When you copy from the entries that follow, take only the lines from the one with "E-Center Frische Dorade" down to the one with "Видео: Соя мУсТаНг", keeping both ends and dropping every picture.

### [Dataset excerpts]
┌──
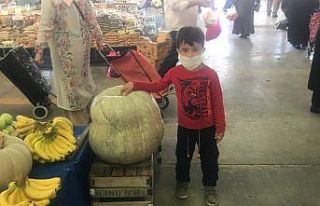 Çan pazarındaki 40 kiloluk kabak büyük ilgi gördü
└──
┌──
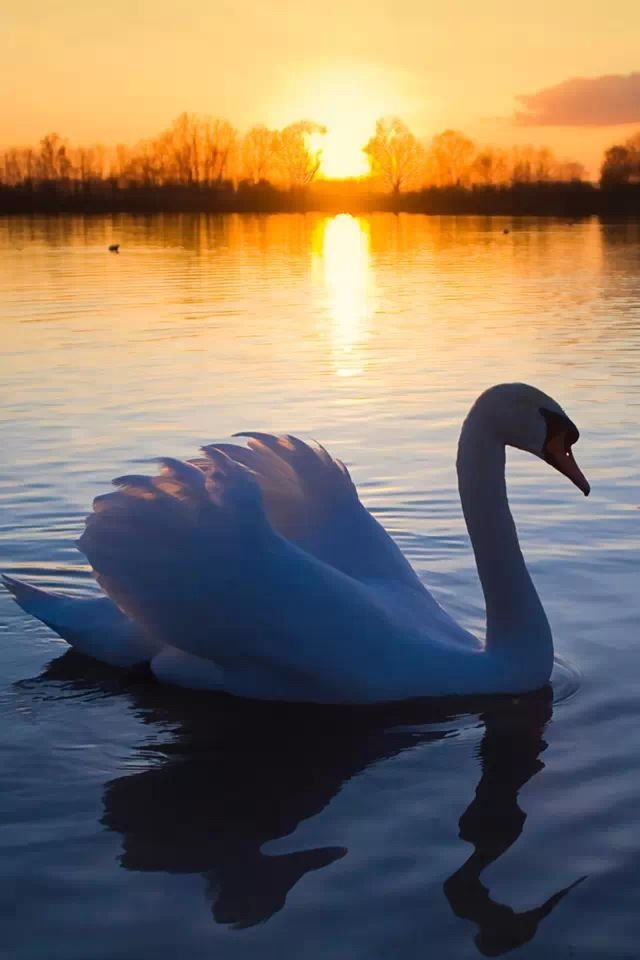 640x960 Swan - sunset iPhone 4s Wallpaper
└──
┌──
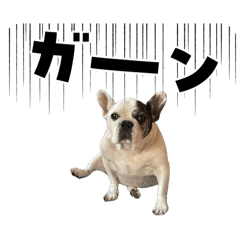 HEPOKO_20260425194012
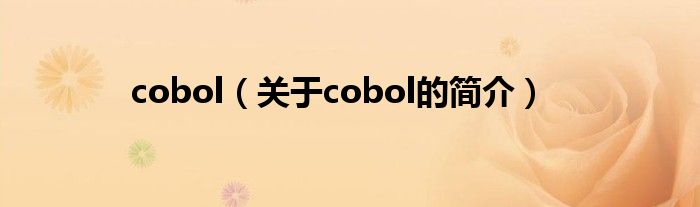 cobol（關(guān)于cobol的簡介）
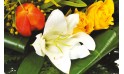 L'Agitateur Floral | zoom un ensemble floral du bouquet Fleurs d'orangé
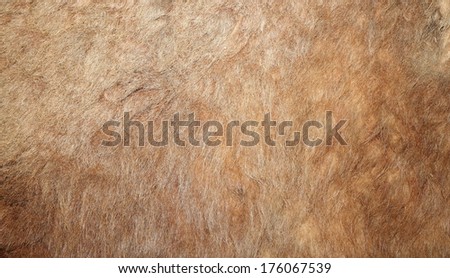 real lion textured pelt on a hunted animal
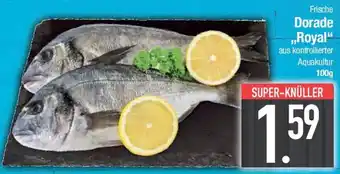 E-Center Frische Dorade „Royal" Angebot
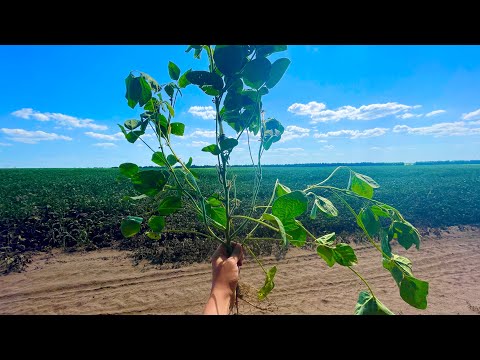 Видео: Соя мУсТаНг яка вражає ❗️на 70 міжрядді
└──
### [Result of this exercise]
 E-Center Frische Dorade „Royal" Angebot
 Видео: Соя мУсТаНг яка вражає ❗️на 70 міжрядді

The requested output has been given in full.